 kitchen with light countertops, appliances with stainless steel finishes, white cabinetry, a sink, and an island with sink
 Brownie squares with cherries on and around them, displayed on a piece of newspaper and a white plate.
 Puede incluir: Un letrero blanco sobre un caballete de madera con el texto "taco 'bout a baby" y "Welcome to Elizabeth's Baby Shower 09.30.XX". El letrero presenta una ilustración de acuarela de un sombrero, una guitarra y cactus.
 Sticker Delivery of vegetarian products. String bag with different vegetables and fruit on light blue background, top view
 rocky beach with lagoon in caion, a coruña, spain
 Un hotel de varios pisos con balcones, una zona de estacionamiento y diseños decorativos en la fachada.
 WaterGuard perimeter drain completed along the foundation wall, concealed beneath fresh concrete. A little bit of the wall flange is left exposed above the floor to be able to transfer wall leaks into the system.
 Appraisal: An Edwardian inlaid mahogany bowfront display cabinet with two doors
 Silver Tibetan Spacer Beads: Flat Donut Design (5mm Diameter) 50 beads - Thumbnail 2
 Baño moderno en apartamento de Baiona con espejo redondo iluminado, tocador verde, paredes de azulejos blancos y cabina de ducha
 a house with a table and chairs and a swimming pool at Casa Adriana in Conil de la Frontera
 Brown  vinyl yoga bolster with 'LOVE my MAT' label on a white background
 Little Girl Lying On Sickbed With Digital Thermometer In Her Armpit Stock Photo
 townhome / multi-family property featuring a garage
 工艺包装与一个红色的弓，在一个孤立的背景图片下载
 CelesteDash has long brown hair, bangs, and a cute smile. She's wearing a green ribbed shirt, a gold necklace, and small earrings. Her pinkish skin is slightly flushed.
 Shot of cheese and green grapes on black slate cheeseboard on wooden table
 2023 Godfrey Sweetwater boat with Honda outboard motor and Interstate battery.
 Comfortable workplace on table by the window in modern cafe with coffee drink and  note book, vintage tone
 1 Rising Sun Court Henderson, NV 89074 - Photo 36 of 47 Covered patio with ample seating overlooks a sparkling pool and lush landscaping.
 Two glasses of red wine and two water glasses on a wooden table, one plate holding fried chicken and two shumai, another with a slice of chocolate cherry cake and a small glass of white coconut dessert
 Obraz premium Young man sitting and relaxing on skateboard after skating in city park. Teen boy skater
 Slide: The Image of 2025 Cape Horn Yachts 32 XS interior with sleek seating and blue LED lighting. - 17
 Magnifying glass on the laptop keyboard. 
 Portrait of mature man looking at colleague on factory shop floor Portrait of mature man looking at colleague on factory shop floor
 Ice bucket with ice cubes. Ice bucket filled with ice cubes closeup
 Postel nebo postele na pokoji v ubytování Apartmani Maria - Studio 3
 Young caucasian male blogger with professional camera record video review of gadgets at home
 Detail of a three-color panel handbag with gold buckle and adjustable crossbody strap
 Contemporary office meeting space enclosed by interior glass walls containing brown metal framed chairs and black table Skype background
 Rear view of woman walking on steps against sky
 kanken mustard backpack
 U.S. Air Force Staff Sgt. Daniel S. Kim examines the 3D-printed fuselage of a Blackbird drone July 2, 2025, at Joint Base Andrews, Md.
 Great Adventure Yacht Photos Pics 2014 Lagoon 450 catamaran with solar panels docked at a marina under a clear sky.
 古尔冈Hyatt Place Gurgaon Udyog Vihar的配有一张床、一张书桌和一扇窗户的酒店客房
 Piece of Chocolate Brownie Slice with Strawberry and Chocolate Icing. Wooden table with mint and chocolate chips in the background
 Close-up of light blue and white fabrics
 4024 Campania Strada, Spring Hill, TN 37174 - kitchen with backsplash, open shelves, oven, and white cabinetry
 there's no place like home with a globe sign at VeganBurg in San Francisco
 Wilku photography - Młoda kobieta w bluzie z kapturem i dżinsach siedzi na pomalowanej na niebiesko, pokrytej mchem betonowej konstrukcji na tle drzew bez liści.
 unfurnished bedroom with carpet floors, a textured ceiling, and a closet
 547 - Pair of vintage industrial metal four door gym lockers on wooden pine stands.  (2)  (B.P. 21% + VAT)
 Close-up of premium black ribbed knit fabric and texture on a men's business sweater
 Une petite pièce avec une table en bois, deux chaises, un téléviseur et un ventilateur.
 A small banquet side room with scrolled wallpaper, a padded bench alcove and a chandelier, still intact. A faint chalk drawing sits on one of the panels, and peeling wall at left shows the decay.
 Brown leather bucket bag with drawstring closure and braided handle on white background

Task goal:
When copying the data above, keep every line exactly as written.

Response box:
 kitchen with light countertops, appliances with stainless steel finishes, white cabinetry, a sink, and an island with sink
 Brownie squares with cherries on and around them, displayed on a piece of newspaper and a white plate.
 Puede incluir: Un letrero blanco sobre un caballete de madera con el texto "taco 'bout a baby" y "Welcome to Elizabeth's Baby Shower 09.30.XX". El letrero presenta una ilustración de acuarela de un sombrero, una guitarra y cactus.
 Sticker Delivery of vegetarian products. String bag with different vegetables and fruit on light blue background, top view
 rocky beach with lagoon in caion, a coruña, spain
 Un hotel de varios pisos con balcones, una zona de estacionamiento y diseños decorativos en la fachada.
 WaterGuard perimeter drain completed along the foundation wall, concealed beneath fresh concrete. A little bit of the wall flange is left exposed above the floor to be able to transfer wall leaks into the system.
 Appraisal: An Edwardian inlaid mahogany bowfront display cabinet with two doors
 Silver Tibetan Spacer Beads: Flat Donut Design (5mm Diameter) 50 beads - Thumbnail 2
 Baño moderno en apartamento de Baiona con espejo redondo iluminado, tocador verde, paredes de azulejos blancos y cabina de ducha
 a house with a table and chairs and a swimming pool at Casa Adriana in Conil de la Frontera
 Brown  vinyl yoga bolster with 'LOVE my MAT' label on a white background
 Little Girl Lying On Sickbed With Digital Thermometer In Her Armpit Stock Photo
 townhome / multi-family property featuring a garage
 工艺包装与一个红色的弓，在一个孤立的背景图片下载
 CelesteDash has long brown hair, bangs, and a cute smile. She's wearing a green ribbed shirt, a gold necklace, and small earrings. Her pinkish skin is slightly flushed.
 Shot of cheese and green grapes on black slate cheeseboard on wooden table
 2023 Godfrey Sweetwater boat with Honda outboard motor and Interstate battery.
 Comfortable workplace on table by the window in modern cafe with coffee drink and  note book, vintage tone
 1 Rising Sun Court Henderson, NV 89074 - Photo 36 of 47 Covered patio with ample seating overlooks a sparkling pool and lush landscaping.
 Two glasses of red wine and two water glasses on a wooden table, one plate holding fried chicken and two shumai, another with a slice of chocolate cherry cake and a small glass of white coconut dessert
 Obraz premium Young man sitting and relaxing on skateboard after skating in city park. Teen boy skater
 Slide: The Image of 2025 Cape Horn Yachts 32 XS interior with sleek seating and blue LED lighting. - 17
 Magnifying glass on the laptop keyboard. 
 Portrait of mature man looking at colleague on factory shop floor Portrait of mature man looking at colleague on factory shop floor
 Ice bucket with ice cubes. Ice bucket filled with ice cubes closeup
 Postel nebo postele na pokoji v ubytování Apartmani Maria - Studio 3
 Young caucasian male blogger with professional camera record video review of gadgets at home
 Detail of a three-color panel handbag with gold buckle and adjustable crossbody strap
 Contemporary office meeting space enclosed by interior glass walls containing brown metal framed chairs and black table Skype background
 Rear view of woman walking on steps against sky
 kanken mustard backpack
 U.S. Air Force Staff Sgt. Daniel S. Kim examines the 3D-printed fuselage of a Blackbird drone July 2, 2025, at Joint Base Andrews, Md.
 Great Adventure Yacht Photos Pics 2014 Lagoon 450 catamaran with solar panels docked at a marina under a clear sky.
 古尔冈Hyatt Place Gurgaon Udyog Vihar的配有一张床、一张书桌和一扇窗户的酒店客房
 Piece of Chocolate Brownie Slice with Strawberry and Chocolate Icing. Wooden table with mint and chocolate chips in the background
 Close-up of light blue and white fabrics
 4024 Campania Strada, Spring Hill, TN 37174 - kitchen with backsplash, open shelves, oven, and white cabinetry
 there's no place like home with a globe sign at VeganBurg in San Francisco
 Wilku photography - Młoda kobieta w bluzie z kapturem i dżinsach siedzi na pomalowanej na niebiesko, pokrytej mchem betonowej konstrukcji na tle drzew bez liści.
 unfurnished bedroom with carpet floors, a textured ceiling, and a closet
 547 - Pair of vintage industrial metal four door gym lockers on wooden pine stands.  (2)  (B.P. 21% + VAT)
 Close-up of premium black ribbed knit fabric and texture on a men's business sweater
 Une petite pièce avec une table en bois, deux chaises, un téléviseur et un ventilateur.
 A small banquet side room with scrolled wallpaper, a padded bench alcove and a chandelier, still intact. A faint chalk drawing sits on one of the panels, and peeling wall at left shows the decay.
 Brown leather bucket bag with drawstring closure and braided handle on white background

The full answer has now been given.